CareerCup

public static long calculate(int n){
    int sum = 0;
    for(int i=1, factorial=1, sign=1; i <= n; i++, factorial*=i, sign*=-1)
  	  sum += sign*factorial;
    return sum;
  }

Swift

///func factorial(n:Int, result:Int = 1)->Int {
///    if n < 1 { return result }
///    return factorial(n - 1, result: result * n)
///}

///func nfactorial(n:Int, result:Int = 0)->Int {
///    if n < 1 { return result }
///    return nfactorial(n - 1, result: factorial(n) + result)
///}

nfactorial(5) // 153



// I did read the problem wrong. Need new glasses. Thanks!

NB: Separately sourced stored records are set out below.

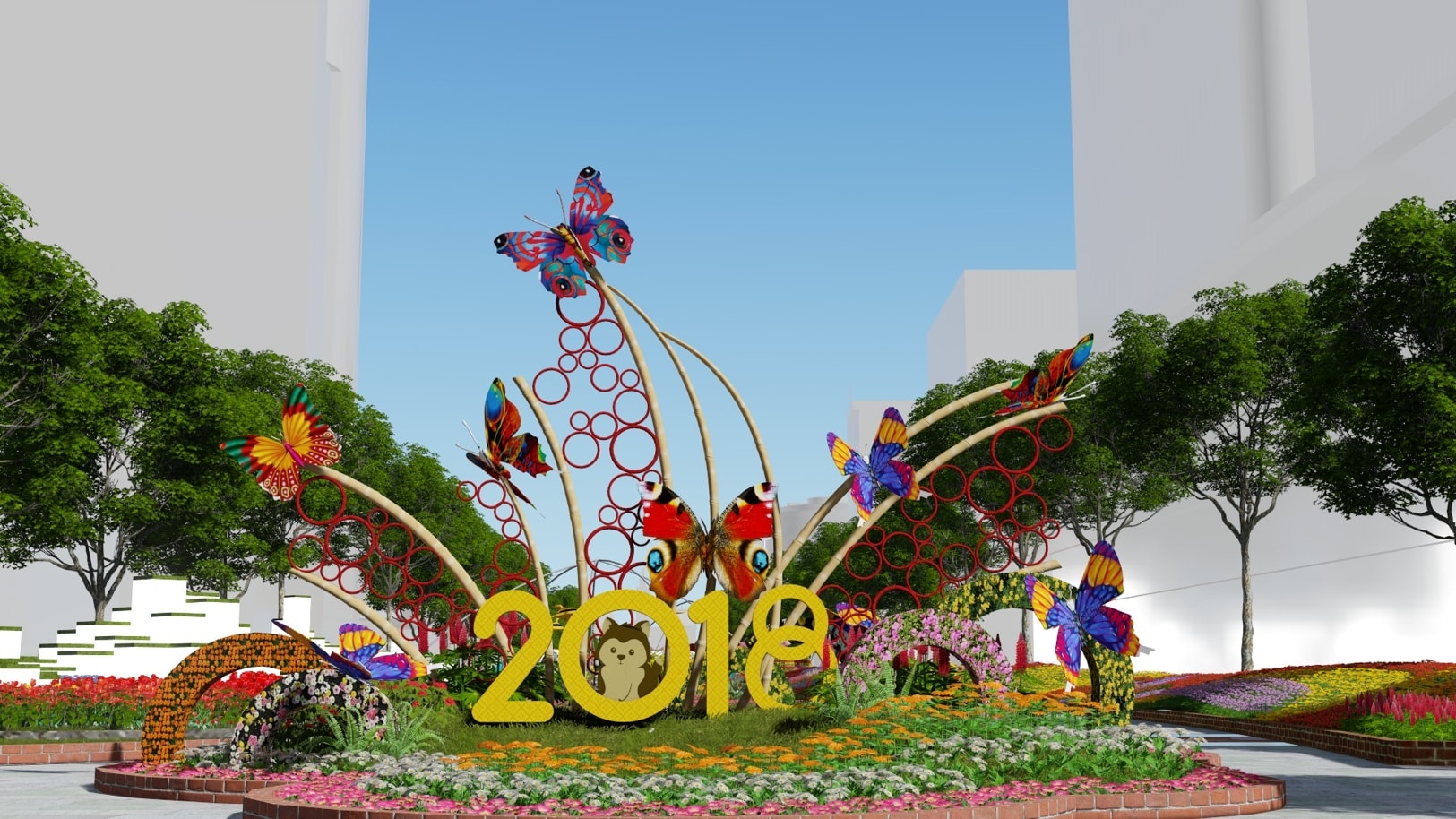 Duong hoa Nguyen Hue anh 2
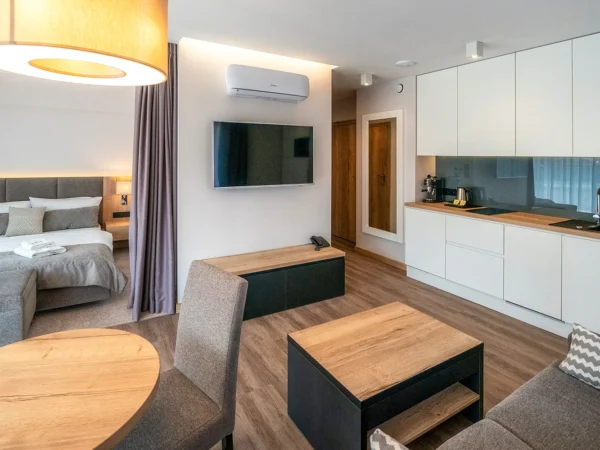 Pobyt v poľských Beskydách: apartmány blízko lanovky, raňajky aj vstup do wellness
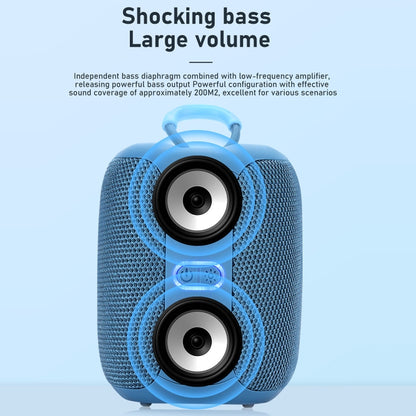 T&G TG-658 Outdoor USB High Power 8W Heavy Bass Wireless Bluetooth Speaker(Grey) - Mini Speaker by T&G | Online Shopping South Africa | PMC Jewellery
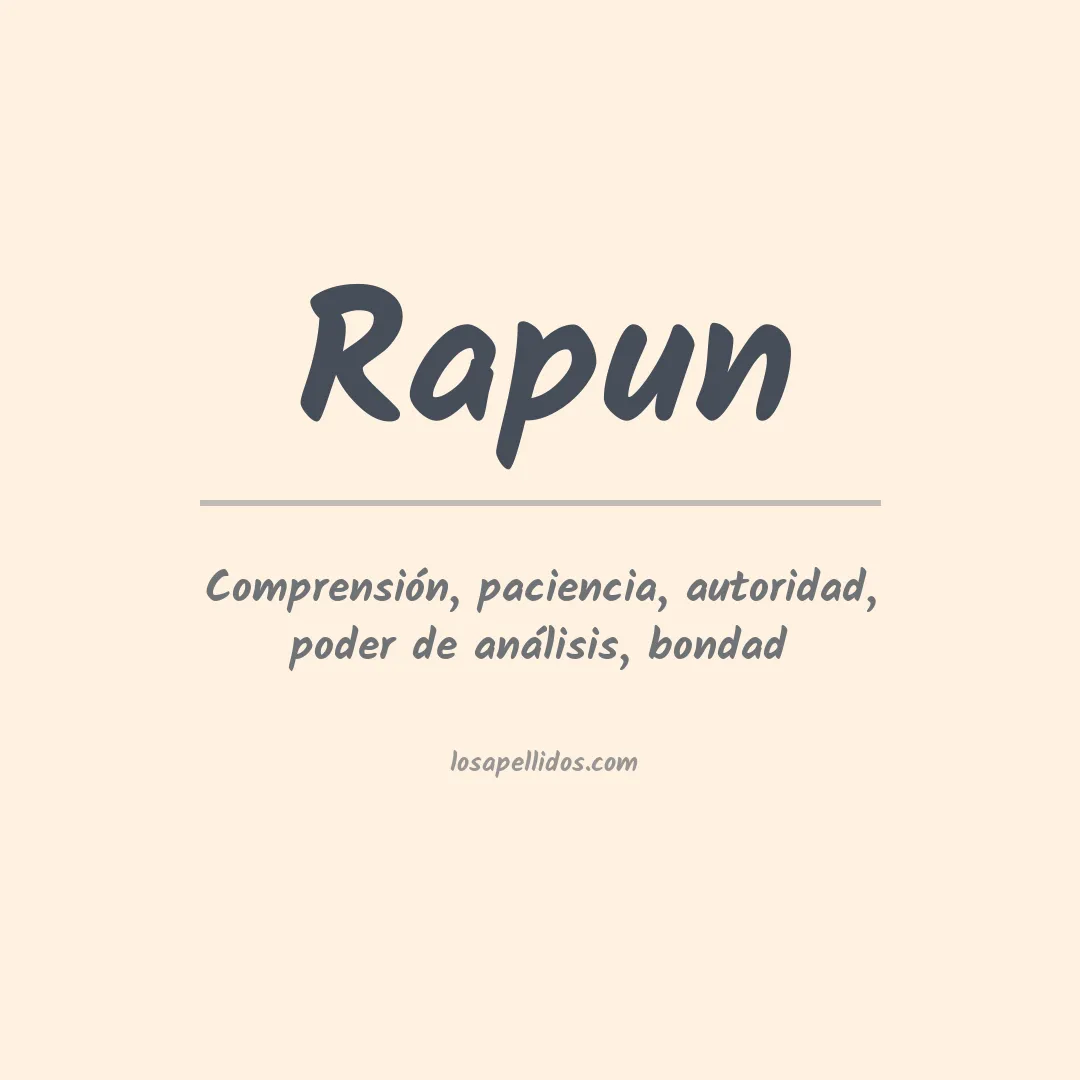Apellido Rapun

func factorial(n:Int, result:Int = 1)->Int {
    if n < 1 { return result }
    return factorial(n - 1, result: result * n)
}

func nfactorial(n:Int, val:Int = 1, result:Int = 0)->Int {
    if val > n { return result }
    let f = factorial(val)
    let m = val % 2 == 0 ? (result - f) : (result + f)
    return nfactorial(n, val:val + 1, result:m)
}

Observation:
As there are only 3 elements of series it's hard to assume anything. But if the assumption of deducting even factorial from the previous odd factorial.
here is the solution with O(1) space and O(n) time

def fancyFactorial(n):
    
    n1fact = 1
    result = 1
    if n <= 1:
        return n1fact
    
    i = 2
    while i <= n:
        n1fact = n1fact * i
        if i % 2 == 0:
            result = result - n1fact
        else:
            result = result + n1fact
        i += 1
    
    return result

'use strict';

function compute(n) {
    if (n <= 1) return 1;
    let factorial = 1;
    let result = 0;

    for (let i = 1; i <= n; i++) {
        factorial = factorial * i;
        if (i % 2 == 0) {
            result = result - factorial;
        }
        else {
            result = result + factorial;
        }
    }

    return result;
}

Swift 2.2. Doesn't account for overflow.

func sumOfFactorialsTo(n: Int)-> Int {
    var result = 0
    var factorial = 1
    for i in 1 ... n {
        factorial *= i
        result += (i % 2 == 0 ? -1 : 1) * factorial
        
    }
    return result
    
}

// return 1! - 2! + 3! - 4!... n!
	public static int calculate(int n) { 
	  int []factorial = new int[n];
	  factorial[0] = 1; //1!

	  int result = factorial[0];
	  for(int i=2;i<=n;i++) { // i = 1
	      factorial [i-1] = factorial[i - 2] * i;
	      if(n % 2 == 0) {
	        result -= factorial[i-1];
	      } else {
	        result += factorial[i-1];
	      }
	  }
	  return result;
	}

Time Complexity : O(n) for iterations, O(1) - constant access for array
Space Complexity : Additional space of size n

public static int getFactorialSum(int n){
		
		if(n == 1) return 1;
		
		int factorial = 1;
		int cummlativeSum = 0;
		for(int j = 1; j <=n; j++){
			factorial = factorial * j;
			if(j % 2 != 0) cummlativeSum = cummlativeSum - factorial;
			cummlativeSum = cummlativeSum + factorial;
		}
		return cummlativeSum;
	}

Calculates the new Factorial in every iteration

public int Calculate(int n)
{
	int total = 0;
	int fact = -1;
	
	for (int i=1; i <=n; i++)
	{
		fact *= -i;
		total += fact;
	}
	
	return total;
}